(DATASET EXTRACT)

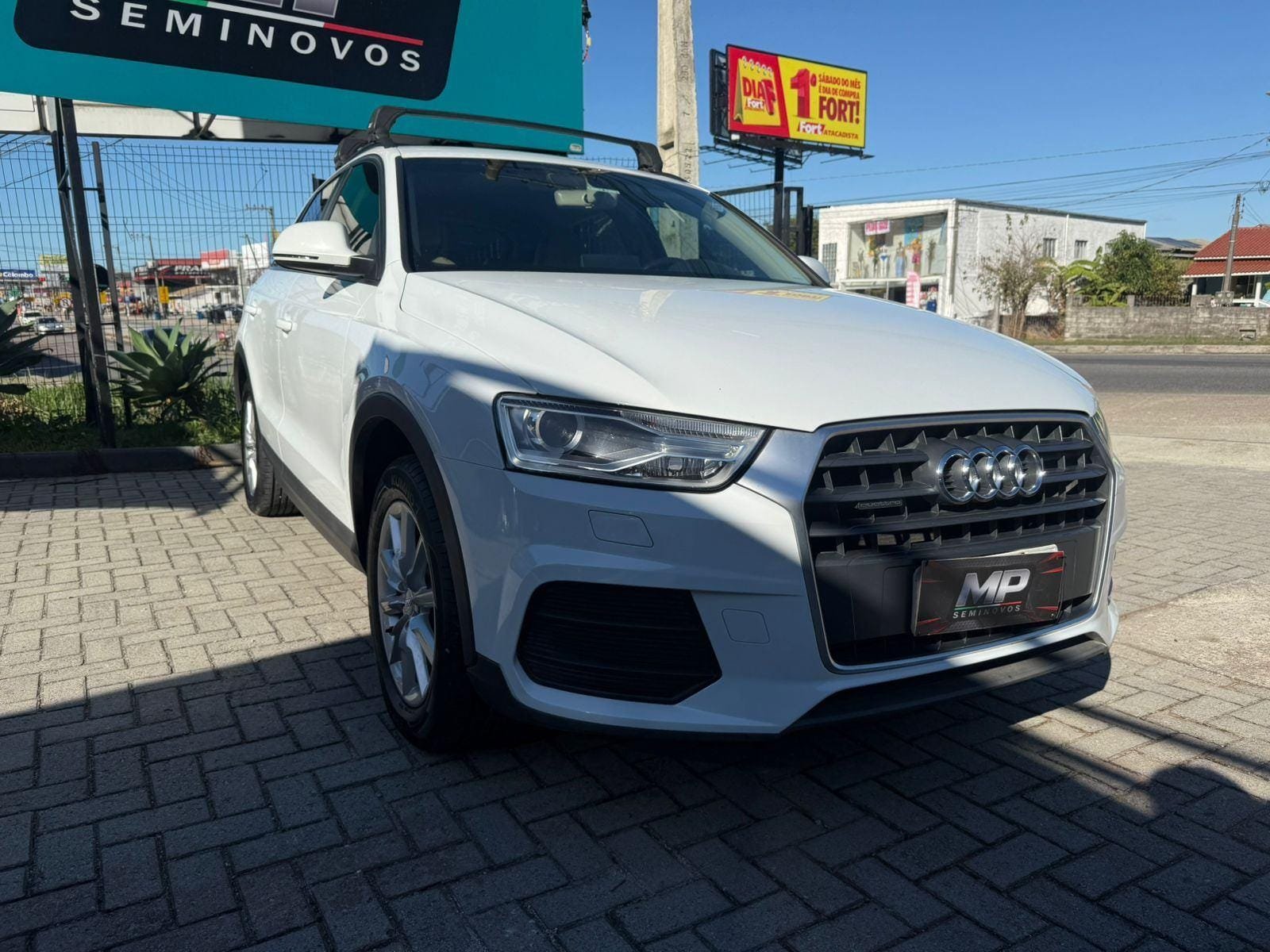 Audi Q3 2.0 TFSI Quat. 170/180cv S-tronic 5p na cor Branco em Florianópolis / SC - 781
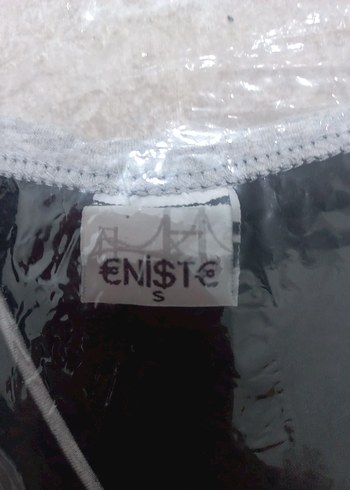 Erkek Siyah V Yaka Baskılı Tişört - Görsel 2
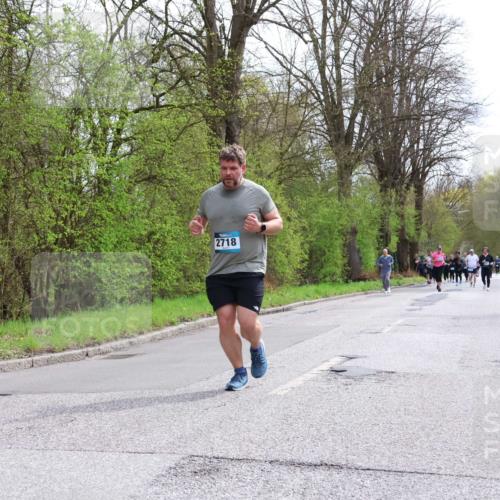12.04.2026 - 45. Internationalen Wilhelmsburger Insellauf Yannick Fuchs http://msf.ph/oto/9497949 12.04.2026 13:10:55 Laufen 2718 meine-sportfotos.de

(End DATASET EXTRACT)

Make an exact copy of the data above, pictures excluded.

 Audi Q3 2.0 TFSI Quat. 170/180cv S-tronic 5p na cor Branco em Florianópolis / SC - 781
 Erkek Siyah V Yaka Baskılı Tişört - Görsel 2
12.04.2026 - 45. Internationalen Wilhelmsburger Insellauf Yannick Fuchs http://msf.ph/oto/9497949 12.04.2026 13:10:55 Laufen 2718 meine-sportfotos.de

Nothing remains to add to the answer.